───── INFORMATION

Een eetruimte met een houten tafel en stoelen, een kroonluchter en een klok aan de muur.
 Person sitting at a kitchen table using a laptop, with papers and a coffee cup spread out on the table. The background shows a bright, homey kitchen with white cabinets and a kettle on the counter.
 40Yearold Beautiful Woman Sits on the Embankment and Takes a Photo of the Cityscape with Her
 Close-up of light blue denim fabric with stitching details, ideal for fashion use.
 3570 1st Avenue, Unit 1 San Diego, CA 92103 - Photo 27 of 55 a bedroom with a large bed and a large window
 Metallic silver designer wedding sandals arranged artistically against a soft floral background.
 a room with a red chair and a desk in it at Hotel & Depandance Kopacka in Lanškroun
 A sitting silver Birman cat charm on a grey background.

──────────

* WORK TO COMPLETE *
Transcribe the data in full, keeping every character.

* RESPONSE AREA *
Een eetruimte met een houten tafel en stoelen, een kroonluchter en een klok aan de muur.
 Person sitting at a kitchen table using a laptop, with papers and a coffee cup spread out on the table. The background shows a bright, homey kitchen with white cabinets and a kettle on the counter.
 40Yearold Beautiful Woman Sits on the Embankment and Takes a Photo of the Cityscape with Her
 Close-up of light blue denim fabric with stitching details, ideal for fashion use.
 3570 1st Avenue, Unit 1 San Diego, CA 92103 - Photo 27 of 55 a bedroom with a large bed and a large window
 Metallic silver designer wedding sandals arranged artistically against a soft floral background.
 a room with a red chair and a desk in it at Hotel & Depandance Kopacka in Lanškroun
 A sitting silver Birman cat charm on a grey background.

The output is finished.